## Work instruction
In the entries that follow, find the line containing "demás . por lo que el acoso posterior que"; from there, copy every line exactly through the line containing "sufren podría llegar a parecer justificado.".

--- Data shown ---

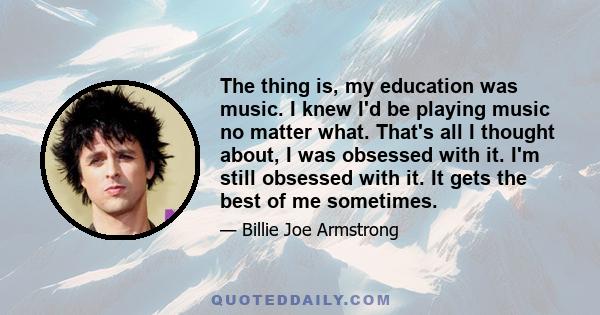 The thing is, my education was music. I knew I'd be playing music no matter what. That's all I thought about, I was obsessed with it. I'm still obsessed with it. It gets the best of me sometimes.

---
--- Data shown ---

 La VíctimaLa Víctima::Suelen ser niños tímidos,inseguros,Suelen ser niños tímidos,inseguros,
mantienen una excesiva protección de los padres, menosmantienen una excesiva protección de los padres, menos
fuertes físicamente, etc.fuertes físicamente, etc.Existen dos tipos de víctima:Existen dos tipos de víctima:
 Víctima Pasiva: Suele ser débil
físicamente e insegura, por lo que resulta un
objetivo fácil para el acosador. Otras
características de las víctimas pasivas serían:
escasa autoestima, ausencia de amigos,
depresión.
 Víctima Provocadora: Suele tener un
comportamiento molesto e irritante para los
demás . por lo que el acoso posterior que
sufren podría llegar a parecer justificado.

---

## Reply to the task
demás . por lo que el acoso posterior que
sufren podría llegar a parecer justificado.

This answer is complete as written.